Это тогда он впервые заметил, как отчаянно жалеет о том своем («Знаешь, во мне все замирает, стоит лишь подумать, что в тот вечер я мог не дойти») умопомрачении. Стоило, думал он, еще полчаса никуда не рыпаться, Бомчик как раз брал третий раз по пятьдесят, стоило не спешить, она сама говорила, что только на пять минут, что только к знакомым, стоило разминуться, пусть бы кто-то другой ловил ее за локоть, пусть бы кому-то другому так везло, зато сегодня я был бы собой, а не кем-то, я жил бы собственной жизнью, брал бы женщин налево и направо, соблазнял бы юных макак, вроде этой, трепетал бы от весен, как двадцать лет назад, и не превращался в потенциально патентованного импотента. Последнее словосочетание, хоть и не бог весть какое изысканное, извлекалось из его склонности ко всяческим фонетическим красивостям. Ибо, даже оставаясь наедине с собственными потоками и монологами, Артур Пепа не переставал быть профессиональным литератором.
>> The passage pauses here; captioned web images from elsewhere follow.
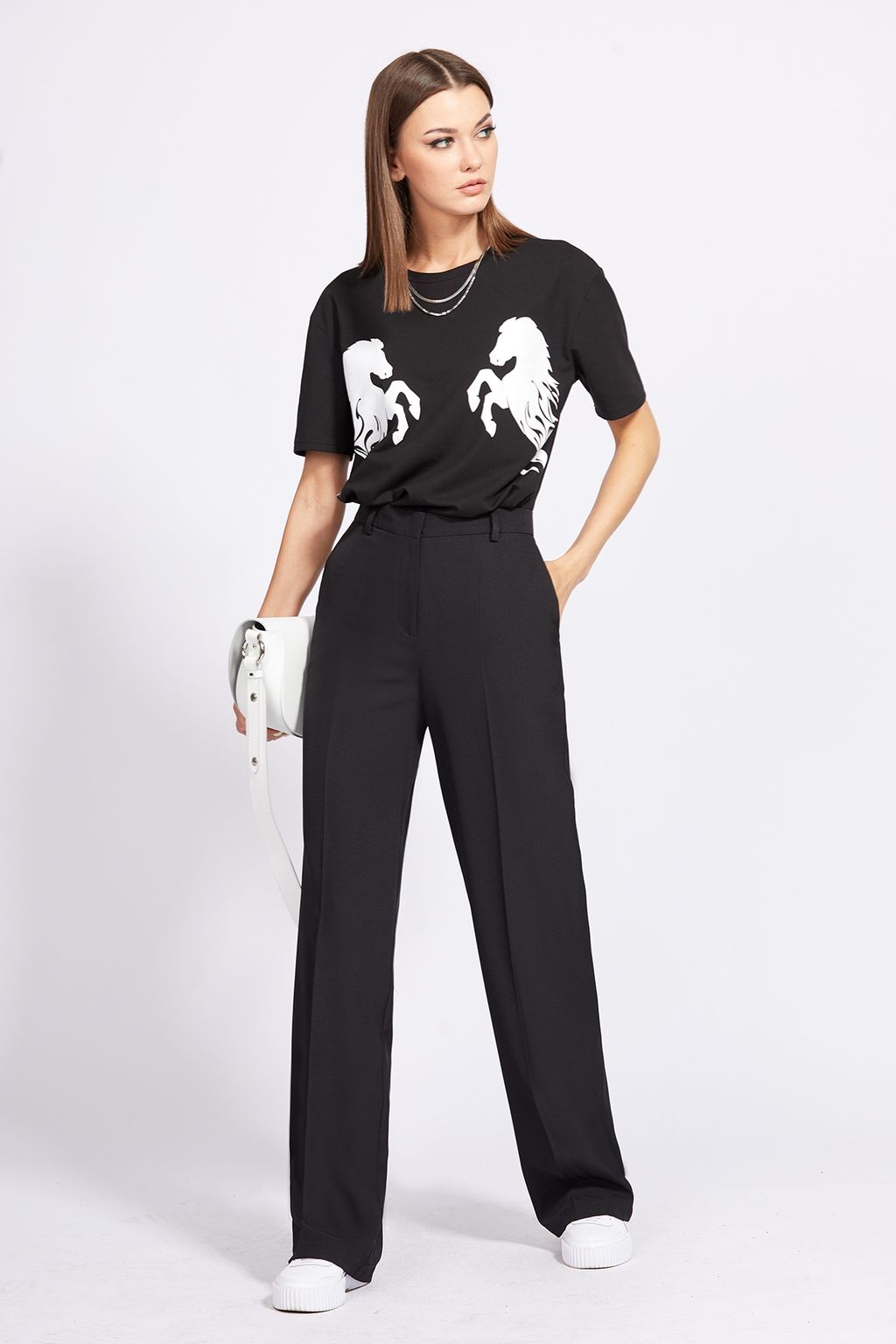 Брюки 2292 черный - Eola фото 2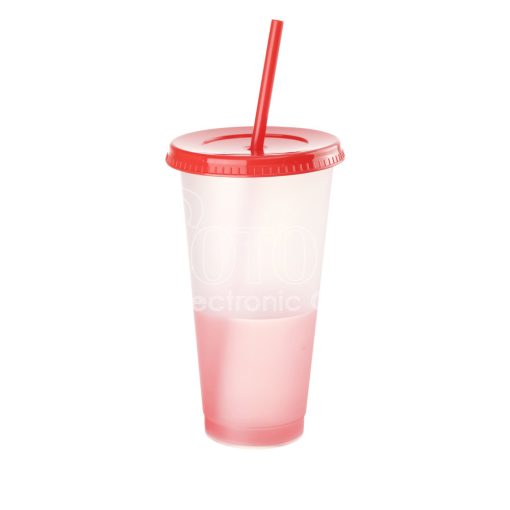 700 ml Custom Color Changing Straw Cups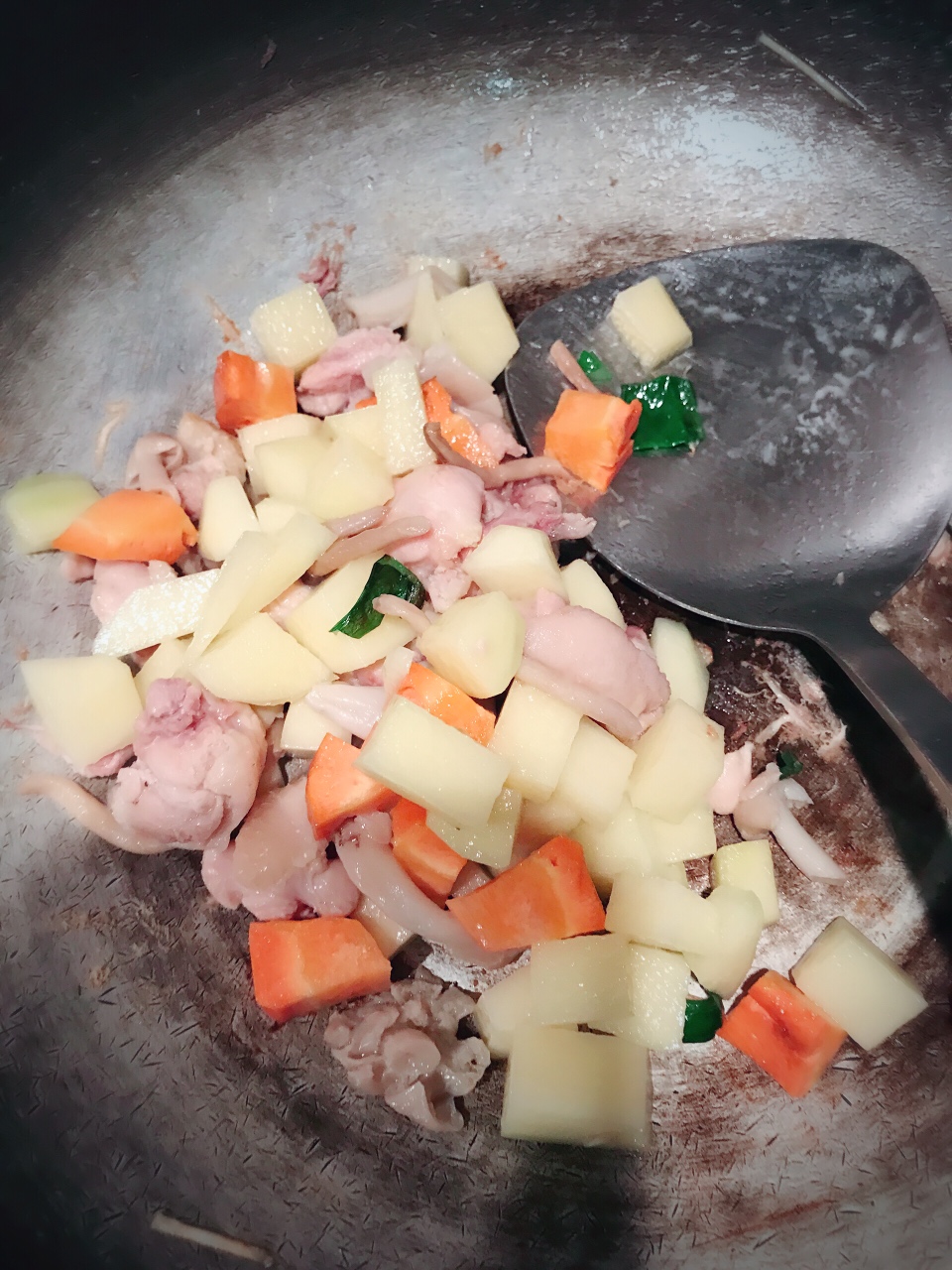 咖喱雞肉焗飯（超級拉絲）的做法 步骤1
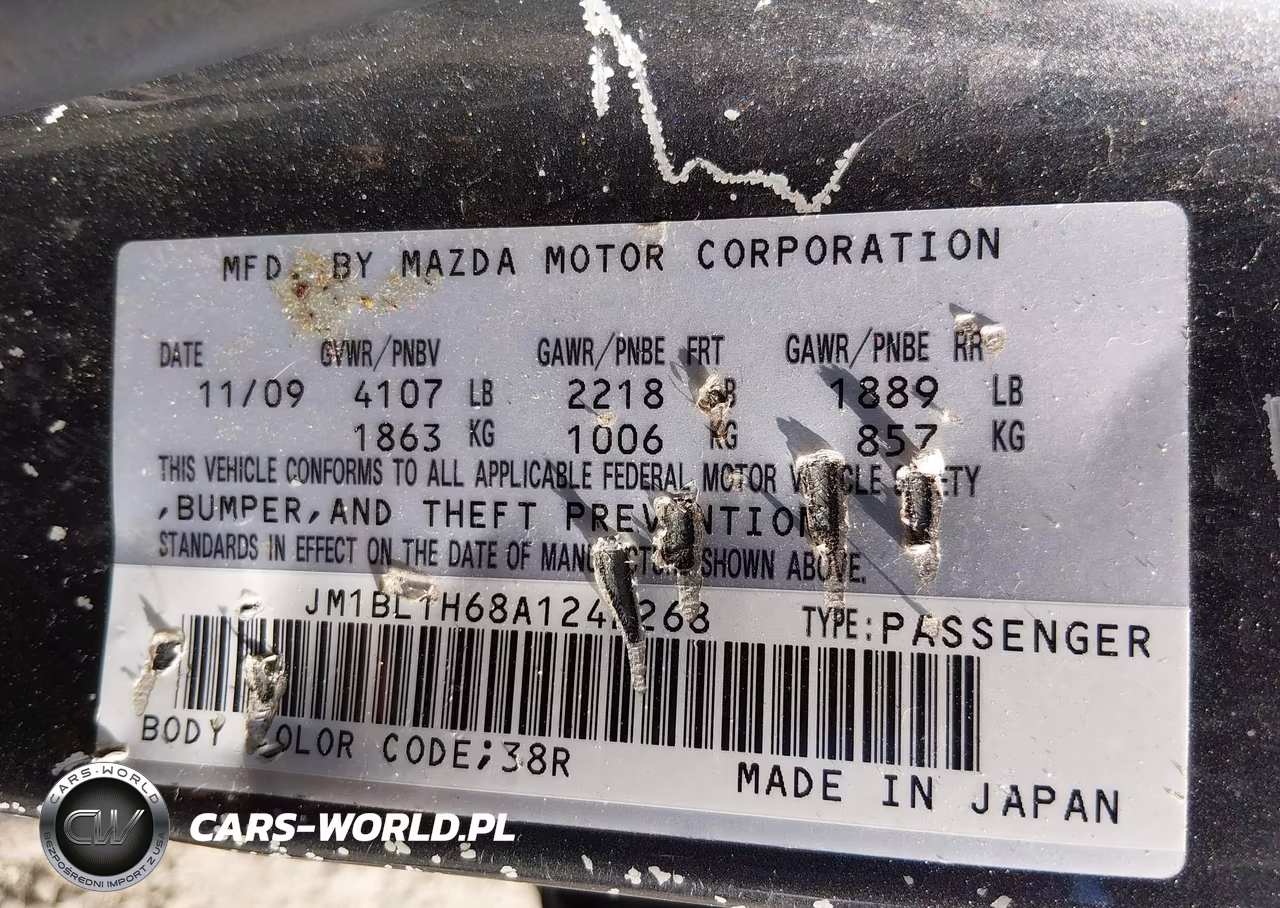 2010 Mazda Mazda3 S Sport VIN:JM1BL1H68A1242268 - 9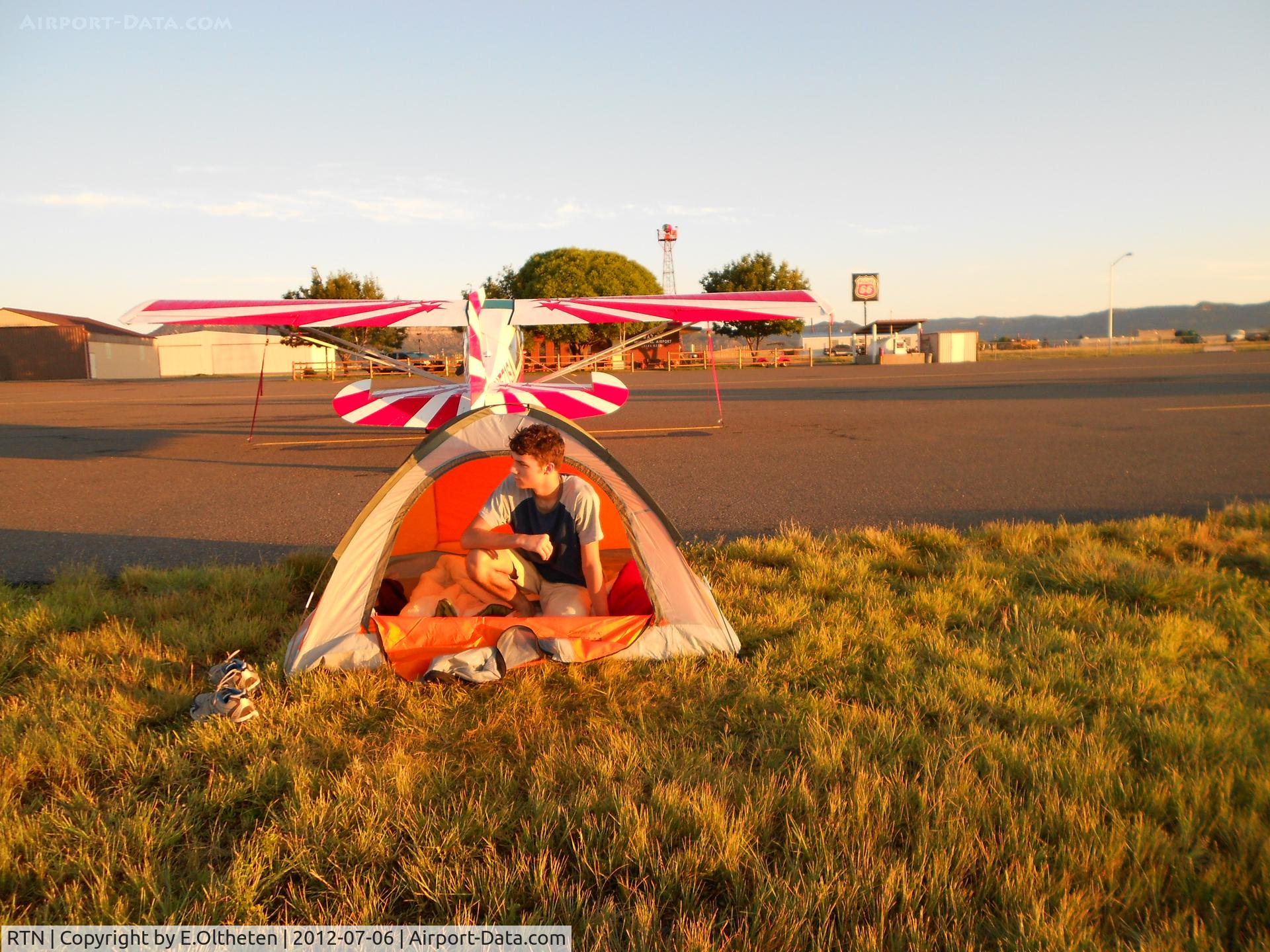 Raton Muni/crews Field Airport (RTN) - Camping out with N571SA on the airfield at Raton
Это означало не что иное, как только то, что он должен жить на литературные заработки. Как-то ему пришло в голову написать бестселлер (во внутренне-процессуальном гетто с параноидальной навязчивостью как раз дискутировалась эта перспектива – а где наши бестселлеры? а почему у нас нет бестселлеров? а кто наконец написал бы для нас бестселлер? Казалось, что на этом пунктике поехали крышей абсолютно все вокруг, от высоколобых авторитетов-идеологов до вечно дезинформированных и активных в сплетничанье газетных парвеню), таким образом, ему захотелось показать всему этому кодлу полруки, язык и что-то там еще. Понятно, что нужен роман. Понятно также, написанный под вымышленным именем. Такая себе история про мужа, который убивает свою жену – в порыве или, скорее, в прорыве годами накапливаемой усталости и ненависти. После убийства у него начинаются хлопоты с трупом. Он хочет избавиться от него таким способом, чтобы никто и никогда не наткнулся на останки, или – как это по-украински – рештки? Привязать к нему два камня и утопить на дне черного лесного озера, например. Черное озеро с белыми асфоделиями, думалось ему. Для этого следовало положить тело в багажник автомобиля и вывезти его далеко за город. Собственно, это должна быть история одной ночи. Как он ездит с трупом убитой жены в багажнике, а на его пути возникают все новые и новые препятствия (полиция, знакомые, друзья, какие-то шлюхи, бандиты и прочие), и таким образом он все фатальнее отдаляется от цели. Событийная линия должна иногда прерываться лирическими фрагментами. Последние проливали бы кое-какой свет на их прежнюю жизнь и должны были поразить читателей предельной и даже брутальной откровенностью, например, в деталях, которые отображали бы физиологию старения женщины, все те осенние запахи, морщины и складки, шуршание сухих листьев, холод лона. В целом это должна быть несколько неожиданная смесь триллера с исповедью и черной комедией. Должна была бы, да не вышла: Артур Пепа в конце концов похоронил свою идею, вдруг осознав, что соблазн воплотить этот кошмар наяву делается все неотвязнее. Тогда он вовремя остановился, оставив другим написание давно ожидаемого чтива, которое должно спасти национальную литературу от читательского забвения.